Only the lines from the "JMJD1C Antibody in" line through the last line of the material below belong in the answer, reproduced exactly and with no pictures.

*** AVAILABLE DATA Section Begins ***

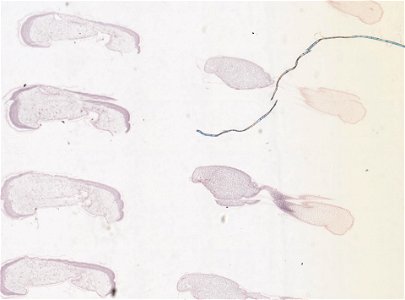 PRESERVED_SPECIMEN; MALE; ; microslide; microslide; ; IZ number 98816; lot count 1; Microslide 01, balsam, serial section; Microslide 02, balsam, serial section; Microslide 03, balsam, seria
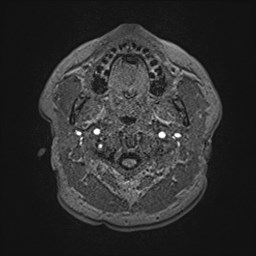 File:Cochlear incomplete partition type III associated with hypothalamic hamartoma (Radiopaedia 88756-105498 Axial T1 14).jpg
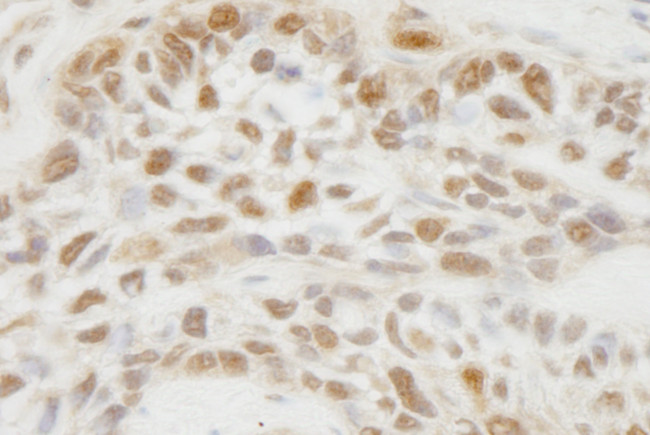 JMJD1C Antibody in Immunohistochemistry (Paraffin) (IHC (P))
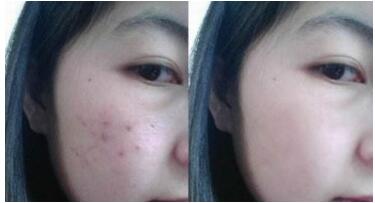 為什么光子嫩膚后要注意哪些事項(xiàng)？點(diǎn)進(jìn)來了解一下吧！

*** AVAILABLE DATA Section Ends ***

▶ **WRITTEN ANSWER**
 JMJD1C Antibody in Immunohistochemistry (Paraffin) (IHC (P))
 為什么光子嫩膚后要注意哪些事項(xiàng)？點(diǎn)進(jìn)來了解一下吧！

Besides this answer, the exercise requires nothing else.